International Funds Transfer Instructions (IFTIs)

PSPs that send or receive international wire transfers must report every IFTI to AUSTRAC — there is no minimum threshold. The report must be filed within 10 business days of sending or receiving the instruction. Source: AUSTRAC IFTI guidance

AUSTRAC Enforcement: Penalties

AUSTRAC has demonstrated a willingness to impose very large civil penalties for systemic AML/CTF failures:

• Civil penalties: the AML/CTF Act provides for penalties of up to AUD $222 million per contraventions or the greater of AUD $21 million, three times the benefit obtained, or 10% of annual turnover
• Enforceable Undertakings: AUSTRAC may accept an enforceable undertaking with remediation commitments as an alternative to penalty proceedings
• External Compliance Audits: AUSTRAC can require reporting entities to fund independent external compliance audits
• Criminal prosecution: directors and senior officers can face personal criminal liability for systematic failures to maintain AML/CTF programs

Notable AUSTRAC enforcement actions include settlements of AUD $1.3 billion (2020) and AUD $450 million (2022) against major Australian financial institutions for systemic AML/CTF compliance failures.

Automating KYC for Australian Payment Service Providers

Automated document verification is essential for Australian PSPs processing high volumes of customer onboarding. CheckFile delivers:

• Verification of Australian passports, driver's licences, and Medicare cards with DVS integration
• Non-face-to-face identity verification via biometric liveness checks and document OCR
• Automated beneficial ownership identification and verification for corporate and trust structures
• DFAT Consolidated List and UN sanctions list screening
• AUSTRAC-compliant audit trails retained for seven years minimum

To strengthen your risk-based approach to AML customer segmentation, CheckFile assigns risk indicators adapted to the Australian regulatory context — PEP classification, FATF jurisdiction risk, and virtual currency exposure.
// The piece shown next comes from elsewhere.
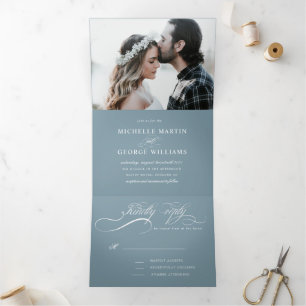 élégante calligraphie tri pliage faire-part de mar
See our pricing guide for API access options.

For a comprehensive compliance framework, see our document compliance guide.

Frequently Asked Questions

Does a foreign PSP operating digitally in Australia need to enrol with AUSTRAC?
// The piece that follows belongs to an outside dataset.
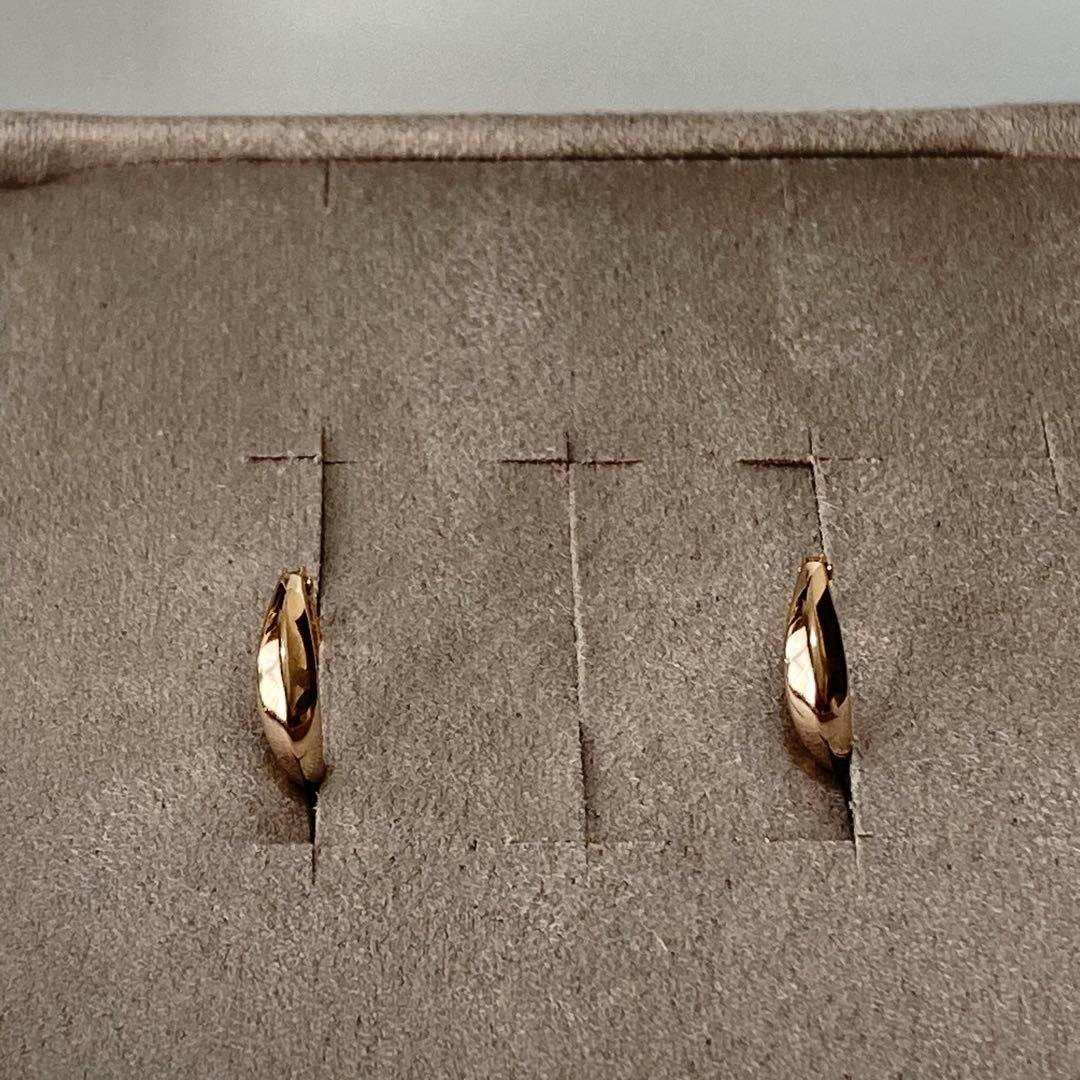 ete ミストピンクゴールド フープピアス K10 K18ポスト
Yes, if the foreign PSP provides designated services to customers located in Australia, it is captured as a reporting entity and must enrol with AUSTRAC. AUSTRAC's guidance is clear that physical presence in Australia is not required — providing designated services to Australian residents is sufficient to trigger obligations.

What is the Document Verification Service (DVS) and is it mandatory?
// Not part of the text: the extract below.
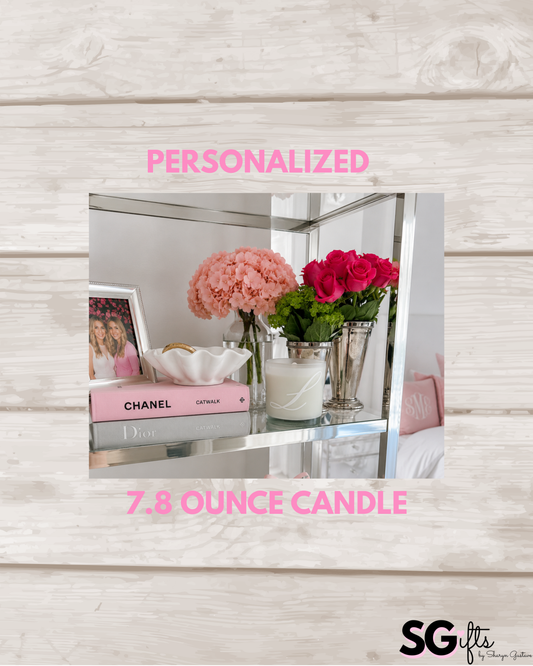 Personalized 7.8 ounce beige with a one letter romantic monogram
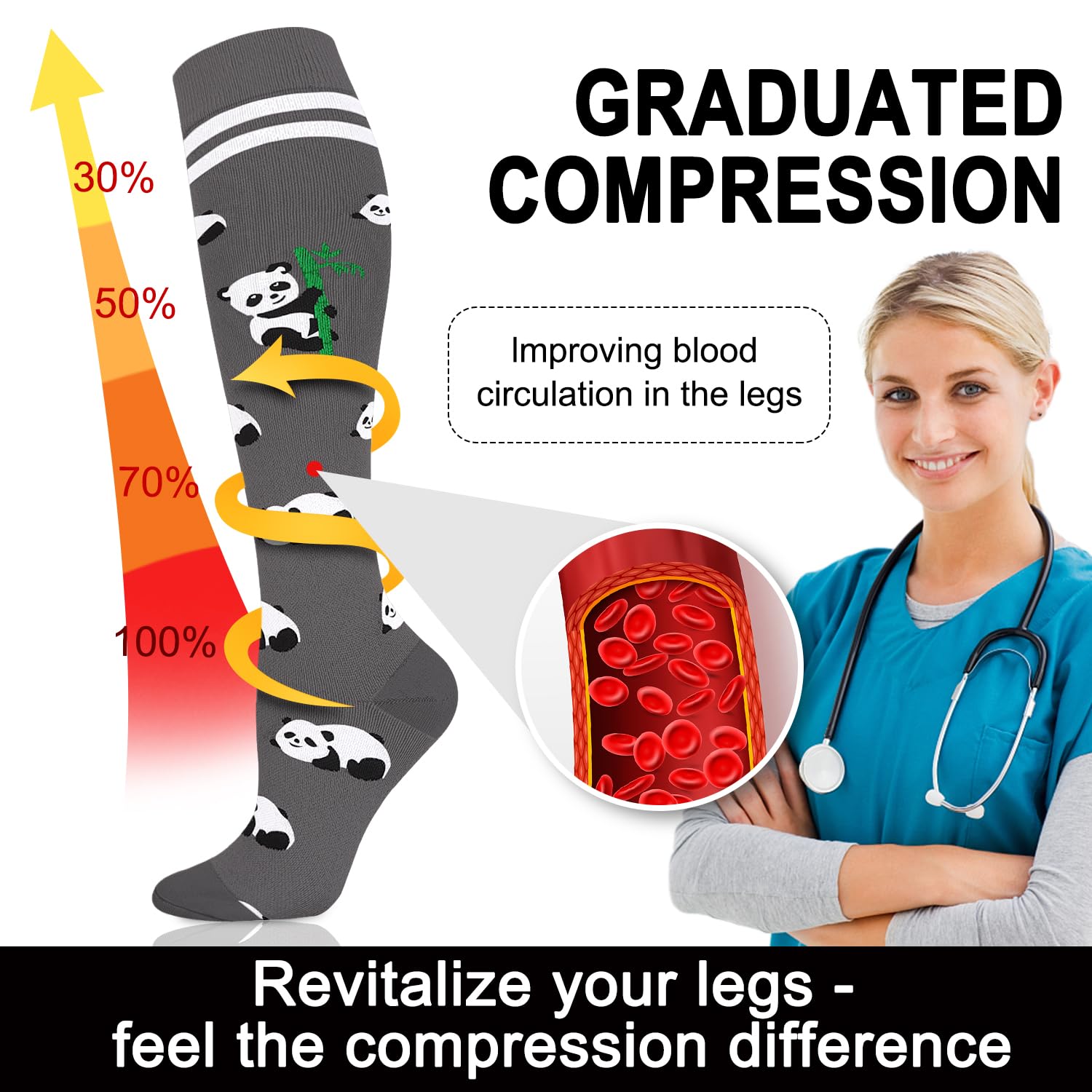 Aoliks Medical Compression Socks for Women & Men - Knee High Support Socks for Running, Nursing, Travel & Varicose Vein Relief - Ideal for Athletes, Nurses & Frequent Flyers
The DVS is an Australian Government service that allows organisations to verify the authenticity of government-issued identity documents in real time. While DVS use is not legally mandatory, AUSTRAC strongly encourages its use as part of electronic CIP. Failure to use DVS (or an equivalent reliable source) may mean CIP fails to meet AUSTRAC's risk-based expectations, particularly for non-face-to-face customer onboarding.

How does the AML/CTF Amendment Act 2024 affect existing PSP compliance programs?

Existing reporting entities (PSPs already enrolled with AUSTRAC) must review and update their AML/CTF programs to comply with the amended beneficial ownership verification requirements, updated ongoing customer due diligence standards, and modernised program structure. AUSTRAC has indicated a phased transition approach through 2026, with education and support before intensive enforcement.

How long must Australian PSPs retain KYC records?

The AML/CTF Act requires reporting entities to retain records for a minimum of 7 years from the date the record was created or the transaction occurred. This is longer than the 5-year minimum in many comparable jurisdictions.

Are Buy Now Pay Later (BNPL) providers subject to AML/CTF obligations in Australia?

BNPL products that qualify as purchased payment facilities may trigger reporting entity status under the AML/CTF Act. The regulatory treatment of BNPL is also evolving under proposed reforms to the National Consumer Credit Protection Act. PSPs offering BNPL products should obtain specific legal advice on whether their products trigger AML/CTF enrolment obligations.